第4話 異世界への道 (3)

 私の足は無意識のうちに歩道橋を渡ると、商店街を突っ切って進み、以前通っていた小学校の方へと向かっていた。薬局の角を曲がって、アパートも兼ねた5階建ての商業ビルの前に出る。ビルの1階にある焼き鳥屋さんは、近所の子どもたち御用達の店で、私も両親が離婚する前は、500円玉を握りしめ、放課後の小腹を満たしに駆け込んだものだった。今はお金がないので滅多に行かない。最後に食べたのは、いつだっただろうか。

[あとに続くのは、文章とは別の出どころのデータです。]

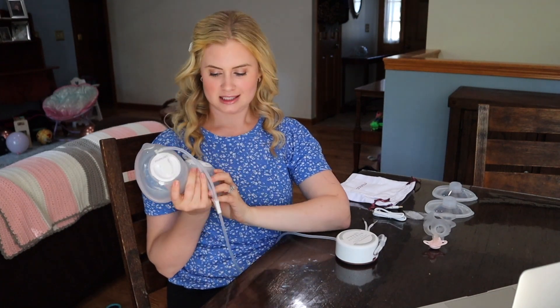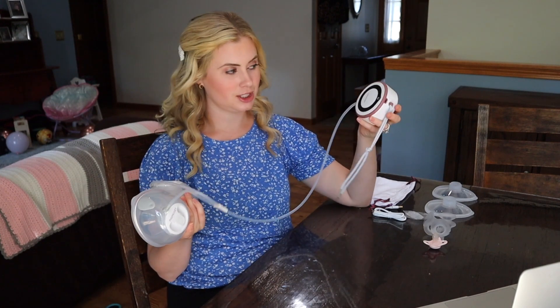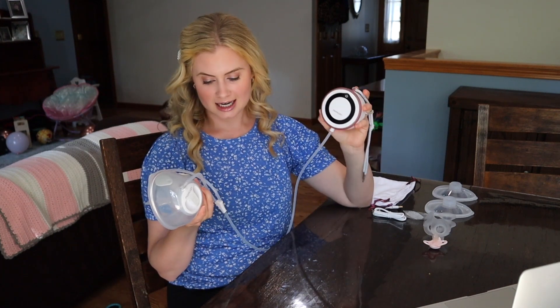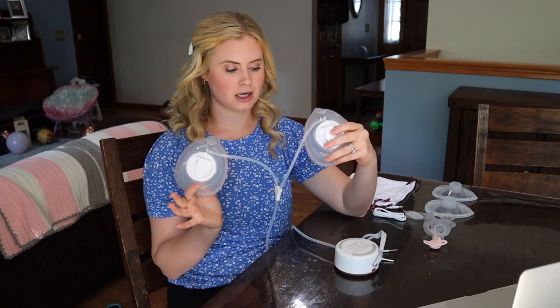Hey guys, today I'm talking about the Mom Cozy V1. This one is very exciting because it has a lot of similarities to the LB Stride, which is insanely popular, but it is much more affordable. I tried this one and I like it. I think it has a lot to offer and I think it might be a great solution for some moms.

 ふと、幼馴染のタカシ君のことを思い出す。彼とは保育園からの付き合いだったが、小学校に上がってからはクラスが違ったこともありほとんど話す機会がなかった。唯一接点ができたのがこの焼き鳥屋さんでだった。4年生のとき、母の恋人と一緒に住むのが嫌で、私は家出を決意した。日が暮れてきて怖いし、雨もぱらつき始めてきたけどどうしようと、公園の屋根付きの砂場にうずくまっていた時、タカシ君がたまたま通りかかり、事情を聴いた後、ねぎ塩の焼き鳥を紙袋のまま、3本ほど差し入れてくれた。それをきっかけにタカシくんのことを意識するようになったのだけれど、思いを伝えるどころか、まともに話もできないうちに卒業の日を迎えてしまった。賢くて勉強もできた彼は、東大への進学実績で定評のある名門私立中学に進んだという噂だったが、元気にしているだろうか。良い意味で「エリート」らしくない気さくな笑顔が目に浮かぶ。彼もみのり同様、私とは違う世界の住人だった。